My students are working on their 25% assessment pieces, the Quantitative Workbook. These are group assignments that require students do a quantitative analysis from start to finish on some ecology data we’ve given them. A few students are struggling with the p value concept, particularly what it means in the R summary.lm() output. I responded to the student with the following statement. It’s a bit more verbose than I might have liked but I think it’s important to try to step it through from start to finish. It took me ages to get this as an undergrad.

The hypothesis test that R does and gives you in the regression summary asks:

What is the probability of seeing a test statistic (third column in the output) at least as extreme as what we have if the true value of the parameter were actually zero (this is our null hypothesis)?

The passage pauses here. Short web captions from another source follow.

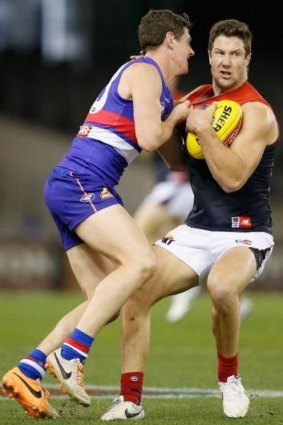 James Frawley of the Demons (right) tries to shrug off a tackle against the Western Bulldogs.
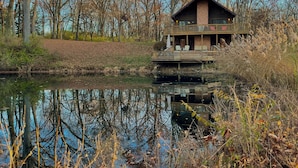 A cabin with a balcony, situated by a pond with reflections, surrounded by trees and overgrown vegetation. - Private Cabin with Pond on Family Farm (Belleville)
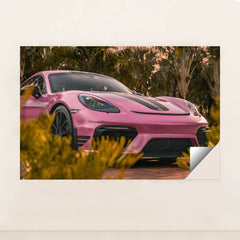 This photo shows a pink Porsche sports car with black stripes parked near tropical palm trees, unframed.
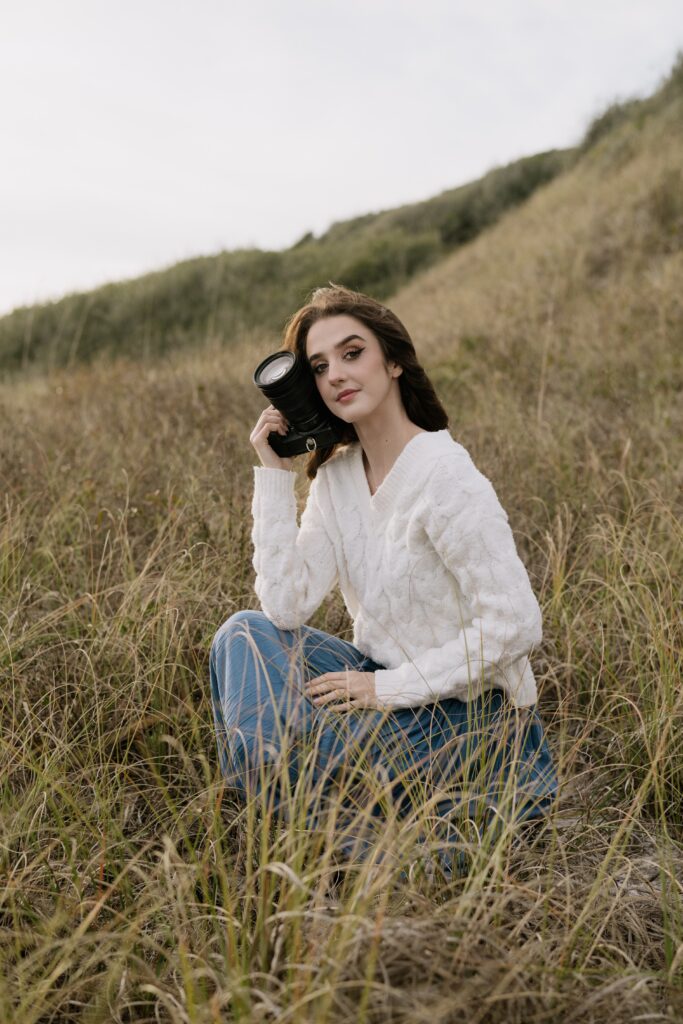 Pensacola couples photographer. Sitting in a field of grass at Fort Pickens wearing a cream sweater and holding her camera up by her face.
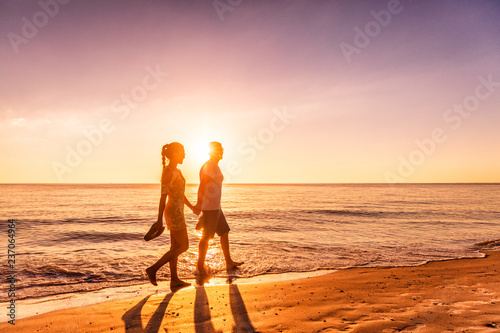 Obraz na plátně Couple walking on beach at sunset silhouettes - Romantic summer travel holidays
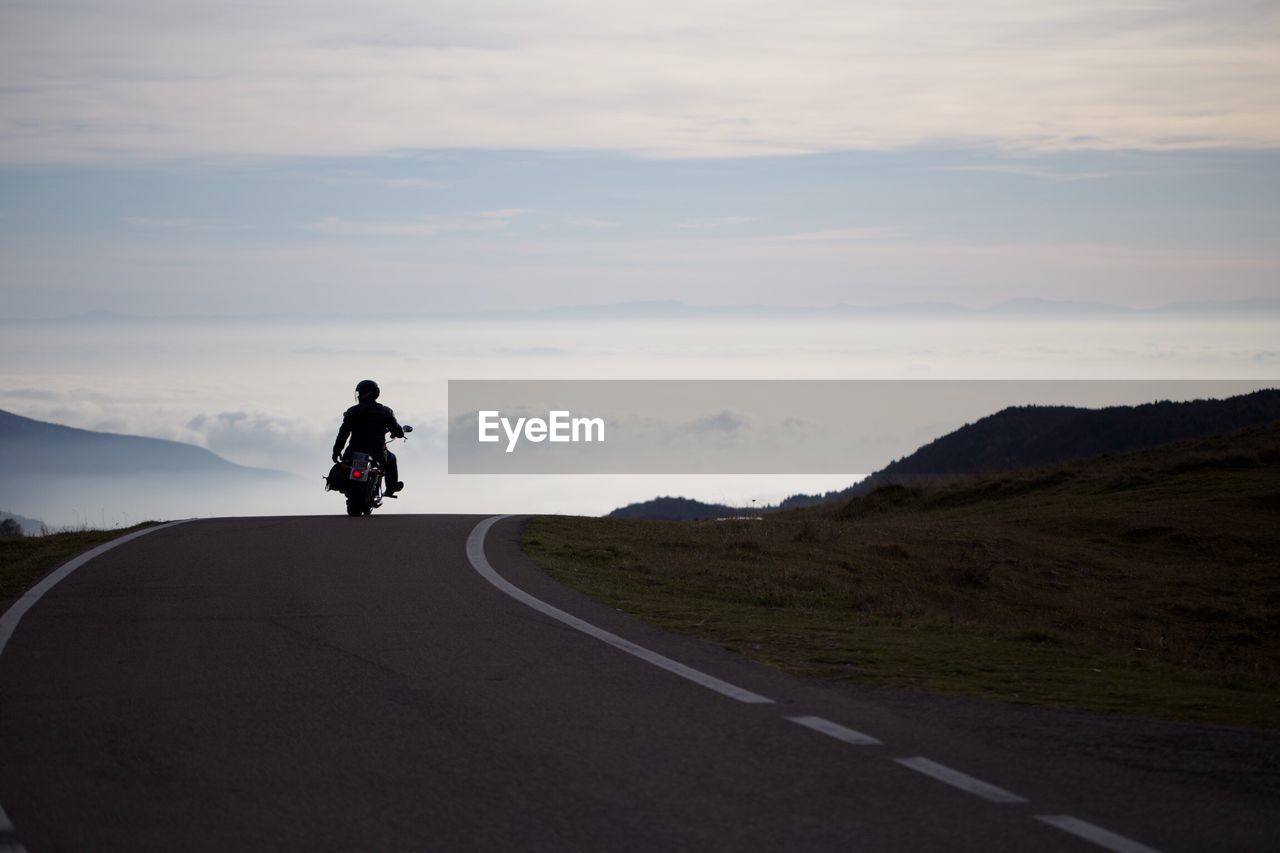 Rear view of man riding motorcycle on road against sky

Our best estimates of the parameters given the data we are using with our model (first column in the output) are found by minimising the sum of squares of the errors between the observed values and the fitted values (see the Normal equations slides from the linear algebra week). Our uncertainty about those estimates is given to us with the standard error of the estimate (second column in the output) which is related to the size of the standard deviation of the residuals. More uncertainty in our fitted values reflects uncertainty in our parameter estimates. If the standard error is comparable in size to the estimate, then perhaps our uncertainty may mean we can’t reject the idea that the true value of the parameter is zero (i.e. we may not be able to detect that this variable has an effect).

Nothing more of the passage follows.